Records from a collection
•••

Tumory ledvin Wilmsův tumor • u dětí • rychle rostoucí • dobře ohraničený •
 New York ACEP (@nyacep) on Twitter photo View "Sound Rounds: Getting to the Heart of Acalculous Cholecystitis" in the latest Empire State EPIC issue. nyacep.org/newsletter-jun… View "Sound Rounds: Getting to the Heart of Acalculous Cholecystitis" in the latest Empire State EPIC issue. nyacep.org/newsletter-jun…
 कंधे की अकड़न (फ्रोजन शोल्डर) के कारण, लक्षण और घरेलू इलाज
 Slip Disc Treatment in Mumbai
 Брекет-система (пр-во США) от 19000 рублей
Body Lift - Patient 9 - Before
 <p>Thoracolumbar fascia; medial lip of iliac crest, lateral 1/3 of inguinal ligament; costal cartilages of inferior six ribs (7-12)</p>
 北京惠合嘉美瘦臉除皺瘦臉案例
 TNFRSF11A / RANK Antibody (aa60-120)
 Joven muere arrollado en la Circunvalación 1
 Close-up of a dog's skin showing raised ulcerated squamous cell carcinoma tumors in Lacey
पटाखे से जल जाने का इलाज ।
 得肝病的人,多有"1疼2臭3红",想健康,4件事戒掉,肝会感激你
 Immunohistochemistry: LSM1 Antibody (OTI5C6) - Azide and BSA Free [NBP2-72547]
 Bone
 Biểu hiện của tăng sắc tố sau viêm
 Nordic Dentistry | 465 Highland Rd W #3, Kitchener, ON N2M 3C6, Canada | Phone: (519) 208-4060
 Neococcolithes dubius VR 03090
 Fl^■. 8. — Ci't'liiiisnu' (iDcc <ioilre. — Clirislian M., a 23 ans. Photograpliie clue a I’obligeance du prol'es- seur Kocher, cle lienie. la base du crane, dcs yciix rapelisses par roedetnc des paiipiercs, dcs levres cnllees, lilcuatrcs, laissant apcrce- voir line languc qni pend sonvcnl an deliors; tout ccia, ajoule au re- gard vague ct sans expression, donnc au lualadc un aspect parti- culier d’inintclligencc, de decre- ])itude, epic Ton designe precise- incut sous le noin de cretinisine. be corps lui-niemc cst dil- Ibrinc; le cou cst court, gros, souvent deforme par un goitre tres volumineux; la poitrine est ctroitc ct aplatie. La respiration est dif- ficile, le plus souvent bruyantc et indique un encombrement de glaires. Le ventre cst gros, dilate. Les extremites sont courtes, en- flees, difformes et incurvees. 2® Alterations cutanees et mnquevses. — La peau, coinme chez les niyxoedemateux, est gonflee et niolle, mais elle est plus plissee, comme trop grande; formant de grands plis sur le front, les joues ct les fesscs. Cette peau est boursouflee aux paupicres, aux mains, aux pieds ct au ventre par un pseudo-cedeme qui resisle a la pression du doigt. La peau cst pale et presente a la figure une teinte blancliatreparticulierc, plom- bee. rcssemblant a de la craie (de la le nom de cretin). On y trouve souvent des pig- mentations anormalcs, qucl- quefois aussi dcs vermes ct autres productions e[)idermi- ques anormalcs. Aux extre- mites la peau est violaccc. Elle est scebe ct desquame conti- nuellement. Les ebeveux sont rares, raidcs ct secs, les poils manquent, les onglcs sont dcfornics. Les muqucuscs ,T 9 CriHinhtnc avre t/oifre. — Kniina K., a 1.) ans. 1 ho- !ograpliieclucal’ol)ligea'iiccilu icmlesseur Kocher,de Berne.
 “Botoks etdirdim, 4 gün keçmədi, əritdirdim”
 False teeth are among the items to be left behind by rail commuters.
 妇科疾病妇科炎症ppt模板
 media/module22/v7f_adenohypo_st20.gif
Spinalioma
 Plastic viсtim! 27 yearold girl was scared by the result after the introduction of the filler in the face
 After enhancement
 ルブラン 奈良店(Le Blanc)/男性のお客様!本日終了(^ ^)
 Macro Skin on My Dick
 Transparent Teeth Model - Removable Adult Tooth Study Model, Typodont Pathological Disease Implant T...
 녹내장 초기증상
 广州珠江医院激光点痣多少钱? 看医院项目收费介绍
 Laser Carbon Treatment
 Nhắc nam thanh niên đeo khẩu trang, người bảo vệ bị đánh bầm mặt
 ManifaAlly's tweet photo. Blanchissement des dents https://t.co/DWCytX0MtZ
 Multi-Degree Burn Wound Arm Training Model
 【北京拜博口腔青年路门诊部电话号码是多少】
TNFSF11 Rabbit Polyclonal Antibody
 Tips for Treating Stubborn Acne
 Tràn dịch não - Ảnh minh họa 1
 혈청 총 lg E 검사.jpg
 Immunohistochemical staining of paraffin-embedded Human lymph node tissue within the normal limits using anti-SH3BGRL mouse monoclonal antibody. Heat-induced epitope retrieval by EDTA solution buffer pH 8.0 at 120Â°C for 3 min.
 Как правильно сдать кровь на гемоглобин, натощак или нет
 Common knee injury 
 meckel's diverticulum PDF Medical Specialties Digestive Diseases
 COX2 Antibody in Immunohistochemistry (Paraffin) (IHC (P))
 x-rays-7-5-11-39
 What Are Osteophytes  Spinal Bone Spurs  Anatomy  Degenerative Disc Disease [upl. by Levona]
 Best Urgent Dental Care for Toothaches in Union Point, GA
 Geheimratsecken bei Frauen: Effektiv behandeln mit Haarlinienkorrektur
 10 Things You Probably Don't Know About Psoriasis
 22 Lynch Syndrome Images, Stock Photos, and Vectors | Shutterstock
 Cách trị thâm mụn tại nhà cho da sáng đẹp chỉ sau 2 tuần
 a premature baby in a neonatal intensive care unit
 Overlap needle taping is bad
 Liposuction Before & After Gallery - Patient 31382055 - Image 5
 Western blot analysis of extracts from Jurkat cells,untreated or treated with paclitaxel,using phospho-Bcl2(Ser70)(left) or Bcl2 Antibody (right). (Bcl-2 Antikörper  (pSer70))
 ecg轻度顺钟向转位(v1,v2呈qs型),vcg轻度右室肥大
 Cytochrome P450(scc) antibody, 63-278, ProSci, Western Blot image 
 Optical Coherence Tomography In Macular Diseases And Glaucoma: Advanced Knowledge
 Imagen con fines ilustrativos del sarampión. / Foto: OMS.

•••

#### PROBLEM TO WORK ON:
All the lines above need to be retyped exactly, with nothing left out.

#### RESULT OF THIS EXERCISE:
Tumory ledvin Wilmsův tumor • u dětí • rychle rostoucí • dobře ohraničený •
 New York ACEP (@nyacep) on Twitter photo View "Sound Rounds: Getting to the Heart of Acalculous Cholecystitis" in the latest Empire State EPIC issue. nyacep.org/newsletter-jun… View "Sound Rounds: Getting to the Heart of Acalculous Cholecystitis" in the latest Empire State EPIC issue. nyacep.org/newsletter-jun…
 कंधे की अकड़न (फ्रोजन शोल्डर) के कारण, लक्षण और घरेलू इलाज
 Slip Disc Treatment in Mumbai
 Брекет-система (пр-во США) от 19000 рублей
Body Lift - Patient 9 - Before
 <p>Thoracolumbar fascia; medial lip of iliac crest, lateral 1/3 of inguinal ligament; costal cartilages of inferior six ribs (7-12)</p>
 北京惠合嘉美瘦臉除皺瘦臉案例
 TNFRSF11A / RANK Antibody (aa60-120)
 Joven muere arrollado en la Circunvalación 1
 Close-up of a dog's skin showing raised ulcerated squamous cell carcinoma tumors in Lacey
पटाखे से जल जाने का इलाज ।
 得肝病的人,多有"1疼2臭3红",想健康,4件事戒掉,肝会感激你
 Immunohistochemistry: LSM1 Antibody (OTI5C6) - Azide and BSA Free [NBP2-72547]
 Bone
 Biểu hiện của tăng sắc tố sau viêm
 Nordic Dentistry | 465 Highland Rd W #3, Kitchener, ON N2M 3C6, Canada | Phone: (519) 208-4060
 Neococcolithes dubius VR 03090
 Fl^■. 8. — Ci't'liiiisnu' (iDcc <ioilre. — Clirislian M., a 23 ans. Photograpliie clue a I’obligeance du prol'es- seur Kocher, cle lienie. la base du crane, dcs yciix rapelisses par roedetnc des paiipiercs, dcs levres cnllees, lilcuatrcs, laissant apcrce- voir line languc qni pend sonvcnl an deliors; tout ccia, ajoule au re- gard vague ct sans expression, donnc au lualadc un aspect parti- culier d’inintclligencc, de decre- ])itude, epic Ton designe precise- incut sous le noin de cretinisine. be corps lui-niemc cst dil- Ibrinc; le cou cst court, gros, souvent deforme par un goitre tres volumineux; la poitrine est ctroitc ct aplatie. La respiration est dif- ficile, le plus souvent bruyantc et indique un encombrement de glaires. Le ventre cst gros, dilate. Les extremites sont courtes, en- flees, difformes et incurvees. 2® Alterations cutanees et mnquevses. — La peau, coinme chez les niyxoedemateux, est gonflee et niolle, mais elle est plus plissee, comme trop grande; formant de grands plis sur le front, les joues ct les fesscs. Cette peau est boursouflee aux paupicres, aux mains, aux pieds ct au ventre par un pseudo-cedeme qui resisle a la pression du doigt. La peau cst pale et presente a la figure une teinte blancliatreparticulierc, plom- bee. rcssemblant a de la craie (de la le nom de cretin). On y trouve souvent des pig- mentations anormalcs, qucl- quefois aussi dcs vermes ct autres productions e[)idermi- ques anormalcs. Aux extre- mites la peau est violaccc. Elle est scebe ct desquame conti- nuellement. Les ebeveux sont rares, raidcs ct secs, les poils manquent, les onglcs sont dcfornics. Les muqucuscs ,T 9 CriHinhtnc avre t/oifre. — Kniina K., a 1.) ans. 1 ho- !ograpliieclucal’ol)ligea'iiccilu icmlesseur Kocher,de Berne.
 “Botoks etdirdim, 4 gün keçmədi, əritdirdim”
 False teeth are among the items to be left behind by rail commuters.
 妇科疾病妇科炎症ppt模板
 media/module22/v7f_adenohypo_st20.gif
Spinalioma
 Plastic viсtim! 27 yearold girl was scared by the result after the introduction of the filler in the face
 After enhancement
 ルブラン 奈良店(Le Blanc)/男性のお客様!本日終了(^ ^)
 Macro Skin on My Dick
 Transparent Teeth Model - Removable Adult Tooth Study Model, Typodont Pathological Disease Implant T...
 녹내장 초기증상
 广州珠江医院激光点痣多少钱? 看医院项目收费介绍
 Laser Carbon Treatment
 Nhắc nam thanh niên đeo khẩu trang, người bảo vệ bị đánh bầm mặt
 ManifaAlly's tweet photo. Blanchissement des dents https://t.co/DWCytX0MtZ
 Multi-Degree Burn Wound Arm Training Model
 【北京拜博口腔青年路门诊部电话号码是多少】
TNFSF11 Rabbit Polyclonal Antibody
 Tips for Treating Stubborn Acne
 Tràn dịch não - Ảnh minh họa 1
 혈청 총 lg E 검사.jpg
 Immunohistochemical staining of paraffin-embedded Human lymph node tissue within the normal limits using anti-SH3BGRL mouse monoclonal antibody. Heat-induced epitope retrieval by EDTA solution buffer pH 8.0 at 120Â°C for 3 min.
 Как правильно сдать кровь на гемоглобин, натощак или нет
 Common knee injury 
 meckel's diverticulum PDF Medical Specialties Digestive Diseases
 COX2 Antibody in Immunohistochemistry (Paraffin) (IHC (P))
 x-rays-7-5-11-39
 What Are Osteophytes  Spinal Bone Spurs  Anatomy  Degenerative Disc Disease [upl. by Levona]
 Best Urgent Dental Care for Toothaches in Union Point, GA
 Geheimratsecken bei Frauen: Effektiv behandeln mit Haarlinienkorrektur
 10 Things You Probably Don't Know About Psoriasis
 22 Lynch Syndrome Images, Stock Photos, and Vectors | Shutterstock
 Cách trị thâm mụn tại nhà cho da sáng đẹp chỉ sau 2 tuần
 a premature baby in a neonatal intensive care unit
 Overlap needle taping is bad
 Liposuction Before & After Gallery - Patient 31382055 - Image 5
 Western blot analysis of extracts from Jurkat cells,untreated or treated with paclitaxel,using phospho-Bcl2(Ser70)(left) or Bcl2 Antibody (right). (Bcl-2 Antikörper  (pSer70))
 ecg轻度顺钟向转位(v1,v2呈qs型),vcg轻度右室肥大
 Cytochrome P450(scc) antibody, 63-278, ProSci, Western Blot image 
 Optical Coherence Tomography In Macular Diseases And Glaucoma: Advanced Knowledge
 Imagen con fines ilustrativos del sarampión. / Foto: OMS.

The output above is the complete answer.